Try it
Please print exactly the lines from the one containing "Cloer 331 Cool-Wall-Toaster, 825" through the last line of the records, and only those. Leave out any pictures.

Input for this task
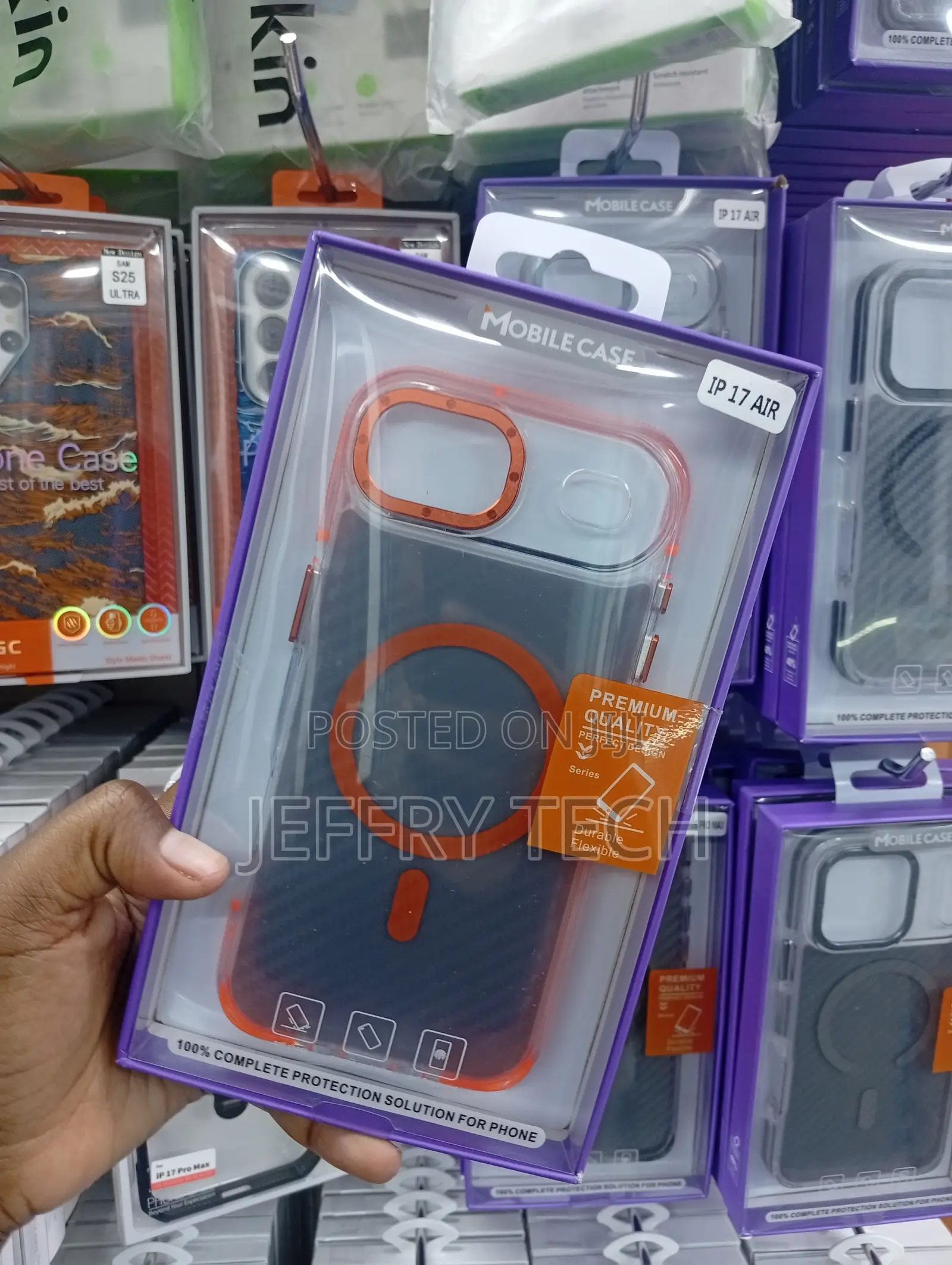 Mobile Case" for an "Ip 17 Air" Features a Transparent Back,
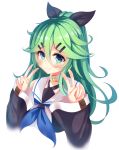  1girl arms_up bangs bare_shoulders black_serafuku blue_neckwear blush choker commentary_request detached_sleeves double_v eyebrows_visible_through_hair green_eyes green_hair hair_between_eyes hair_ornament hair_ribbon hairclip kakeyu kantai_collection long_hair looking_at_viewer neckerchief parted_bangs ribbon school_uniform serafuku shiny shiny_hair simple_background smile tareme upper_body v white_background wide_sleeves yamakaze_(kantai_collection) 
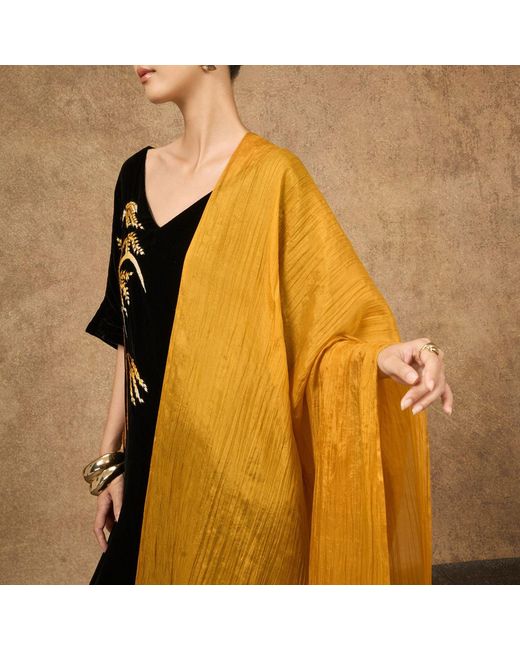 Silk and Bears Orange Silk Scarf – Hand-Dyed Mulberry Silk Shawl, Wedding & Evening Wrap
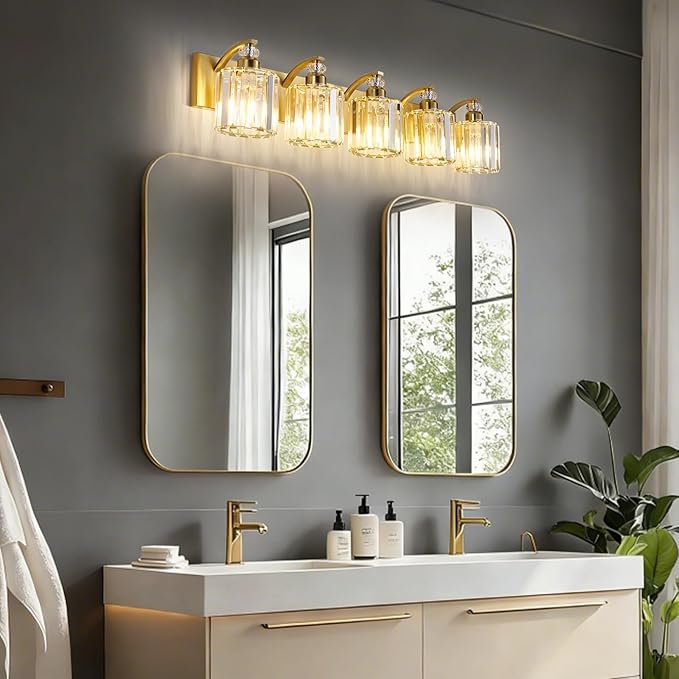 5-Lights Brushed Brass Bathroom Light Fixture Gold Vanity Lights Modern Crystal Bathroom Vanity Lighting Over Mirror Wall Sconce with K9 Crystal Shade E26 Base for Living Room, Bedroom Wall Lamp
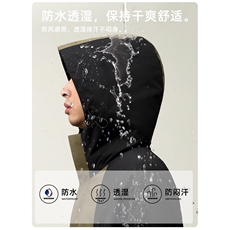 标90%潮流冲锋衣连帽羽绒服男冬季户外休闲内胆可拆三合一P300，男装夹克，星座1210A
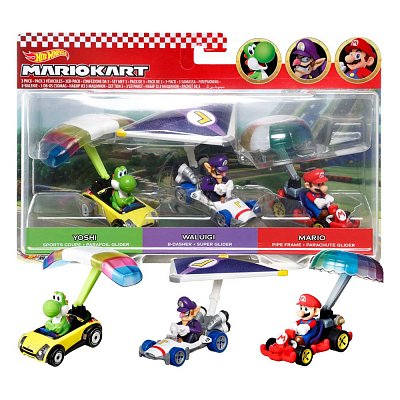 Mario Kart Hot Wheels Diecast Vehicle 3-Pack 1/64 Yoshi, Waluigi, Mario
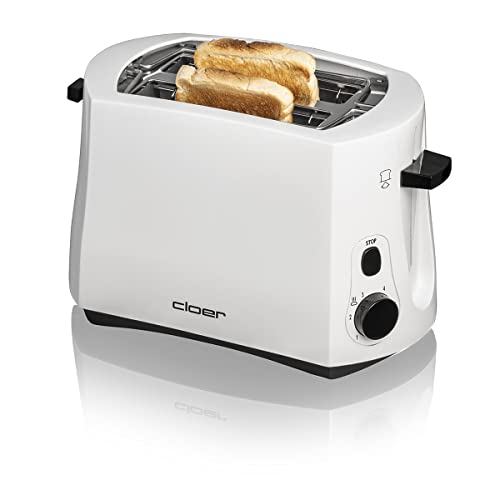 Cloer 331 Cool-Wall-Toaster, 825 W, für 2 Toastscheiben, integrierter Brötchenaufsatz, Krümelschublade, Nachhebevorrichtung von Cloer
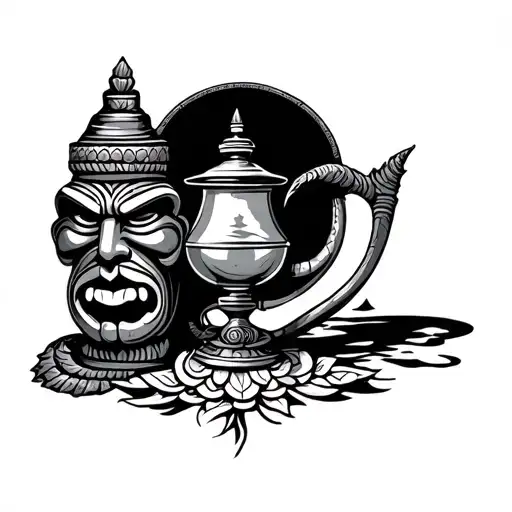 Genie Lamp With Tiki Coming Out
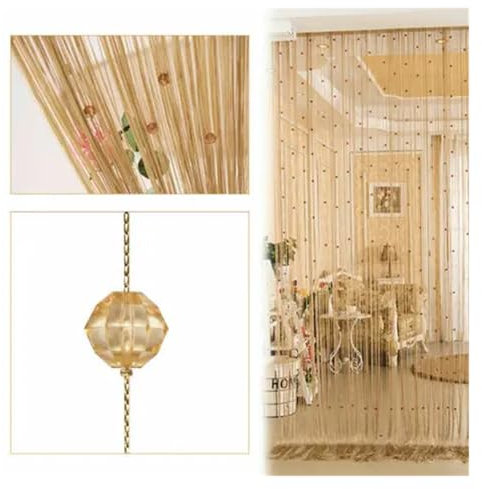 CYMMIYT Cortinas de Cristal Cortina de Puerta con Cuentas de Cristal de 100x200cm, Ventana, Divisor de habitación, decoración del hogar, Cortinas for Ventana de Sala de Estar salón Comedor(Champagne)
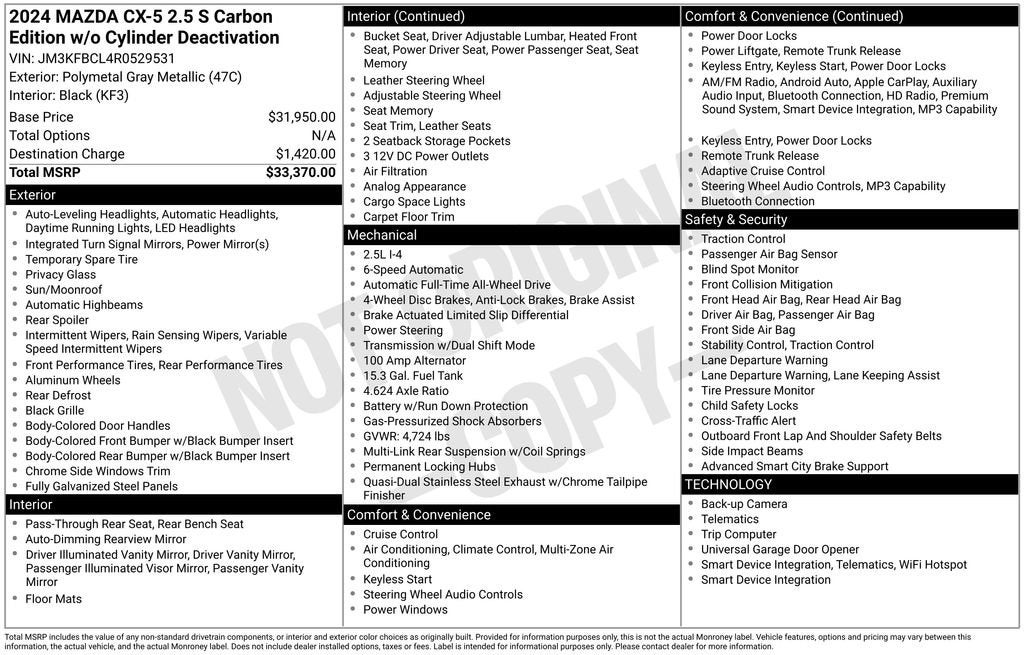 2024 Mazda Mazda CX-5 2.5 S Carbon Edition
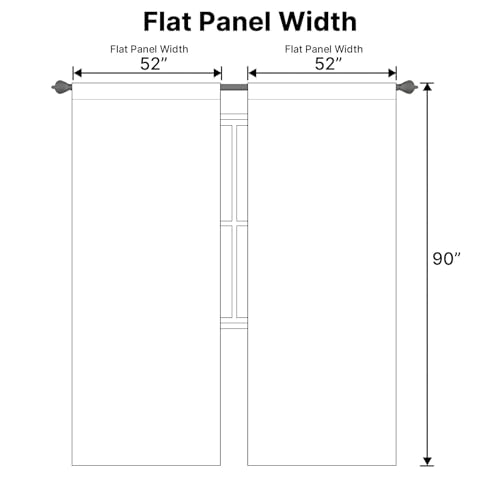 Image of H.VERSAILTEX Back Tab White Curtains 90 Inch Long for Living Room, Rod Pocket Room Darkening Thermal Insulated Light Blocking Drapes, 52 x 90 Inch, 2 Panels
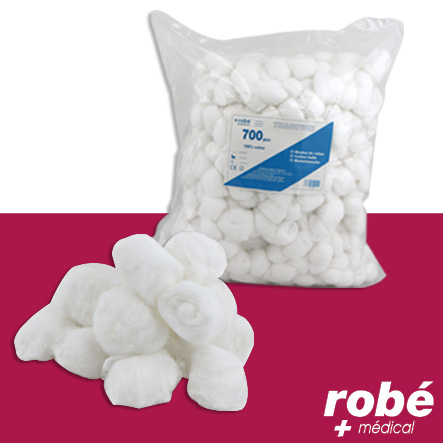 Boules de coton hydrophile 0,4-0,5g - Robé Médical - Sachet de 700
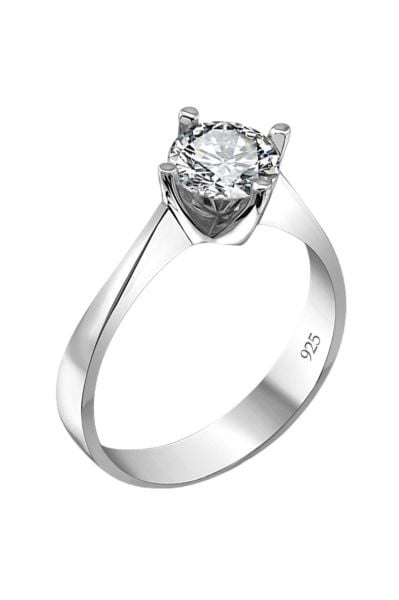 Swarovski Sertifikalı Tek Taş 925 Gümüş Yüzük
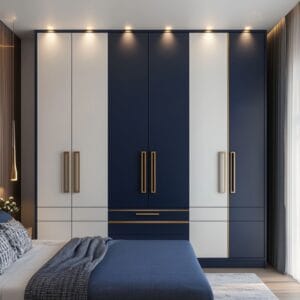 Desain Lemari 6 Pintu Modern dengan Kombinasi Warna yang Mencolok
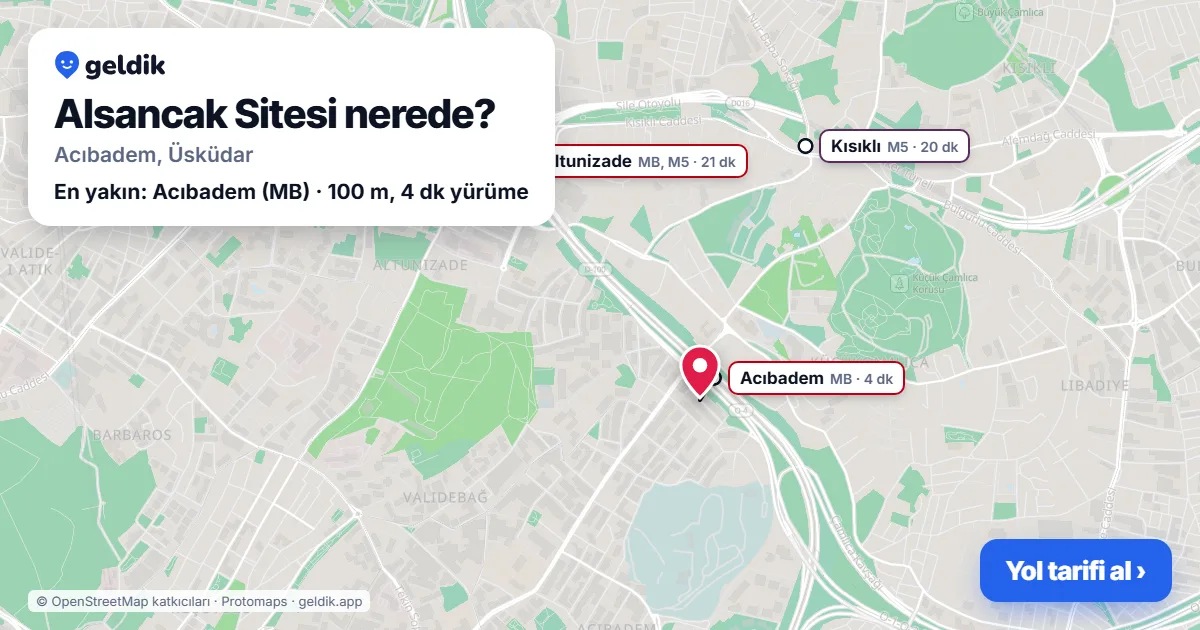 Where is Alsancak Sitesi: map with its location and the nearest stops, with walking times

The answer
 Cloer 331 Cool-Wall-Toaster, 825 W, für 2 Toastscheiben, integrierter Brötchenaufsatz, Krümelschublade, Nachhebevorrichtung von Cloer
 Genie Lamp With Tiki Coming Out
 CYMMIYT Cortinas de Cristal Cortina de Puerta con Cuentas de Cristal de 100x200cm, Ventana, Divisor de habitación, decoración del hogar, Cortinas for Ventana de Sala de Estar salón Comedor(Champagne)
 2024 Mazda Mazda CX-5 2.5 S Carbon Edition
 Image of H.VERSAILTEX Back Tab White Curtains 90 Inch Long for Living Room, Rod Pocket Room Darkening Thermal Insulated Light Blocking Drapes, 52 x 90 Inch, 2 Panels
 Boules de coton hydrophile 0,4-0,5g - Robé Médical - Sachet de 700
 Swarovski Sertifikalı Tek Taş 925 Gümüş Yüzük
 Desain Lemari 6 Pintu Modern dengan Kombinasi Warna yang Mencolok
 Where is Alsancak Sitesi: map with its location and the nearest stops, with walking times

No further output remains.